Merge pull request #9 from compspec/add-features

vsoch · web-flow · commit 1c90468bdd43 · 2025-08-01T03:53:16.000-06:00
feat: support for job manager features;
diff --git a/fractale/transformer/base.py b/fractale/transformer/base.py
@@ -78,13 +78,13 @@ def add(self, name: str, value=None):
 
         # Determine if it's a short (-n) or long (--tasks) option
         prefix = "-" if len(name) == 1 else "--"
-        self.script_lines.append(f"{self.directive}: {prefix}{name}={value}")
+        self.script_lines.append(f"{self.directive} {prefix}{name}={value}")
 
     def add_flag(self, name: str):
         """
         Add a boolean flag (e.g., --exclusive).
         """
-        self.script_lines.append(f"{self.directive}: --{name}")

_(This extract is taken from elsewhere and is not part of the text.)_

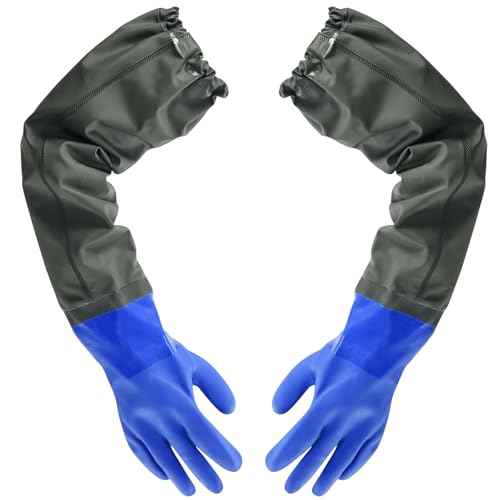 27.2" Long Rubber Gloves, Heavy Duty Chemical Resistant Gloves for Acid Work, Waterproof PVC Material for Durable & Flexible(Blue)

+        self.script_lines.append(f"{self.directive} --{name}")
 
     def render(self) -> str:
         """
diff --git a/fractale/transformer/cobalt/transform.py b/fractale/transformer/cobalt/transform.py
@@ -154,9 +154,12 @@ def convert(self, spec):
             )
             qsub_cmd.extend(["--dependencies", dep_str])
 
-        # Node constraints are handled by --attrs
-        if spec.constraints:
-            qsub_cmd.extend(["--attrs", ":".join(spec.constraints)])

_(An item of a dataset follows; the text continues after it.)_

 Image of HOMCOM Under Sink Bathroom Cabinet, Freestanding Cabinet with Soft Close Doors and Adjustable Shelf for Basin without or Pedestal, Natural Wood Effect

+        # Node constraints and GPU type are handled by --attrs
+        attrs = list(spec.constraints)
+        if spec.gpu_type:
+            attrs.append(f"gpu_type={spec.gpu_type}")
+        if attrs:
+            qsub_cmd.extend(["--attrs", ":".join(attrs)])
 
         # -O sets the prefix for output/error files, which is derived from the job name.
         qsub_cmd.extend(["-O", job_name])

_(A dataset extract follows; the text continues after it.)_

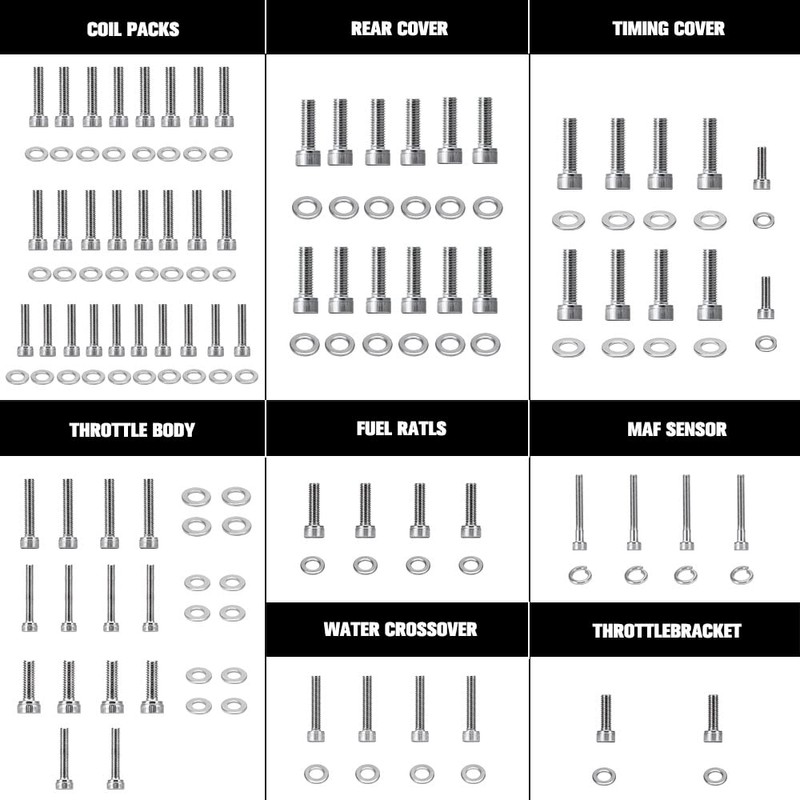 PTNHZ LS LS1 LS6 Stainless Steel Engine Bolt Kit Bolts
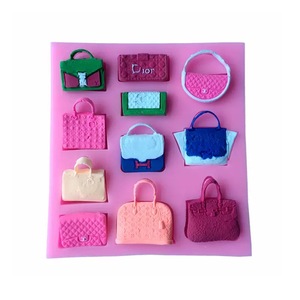 Diseño de maquillaje Moldes de chocolate de caramelo Pasta de goma Llavero Moldes Bolso Bolsos de mano Monederos Zapatos de tacón alto Moldes de silicona <span class=keywords><strong>Fondant</strong></span> - Product Image 2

@@ -284,7 +287,11 @@ def _parse(self, content, return_unhandled=False):
                 elif key == "dependencies":
                     spec.depends_on = value.split(":")
                 elif key == "attrs":
-                    spec.constraints = value.split(":")
+                    for attr in value.split(":"):
+                        if attr.startswith("gpu_type="):
+                            spec.gpu_type = attr.split("=", 1)[1]
+                        else:
+                            spec.constraints.append(attr)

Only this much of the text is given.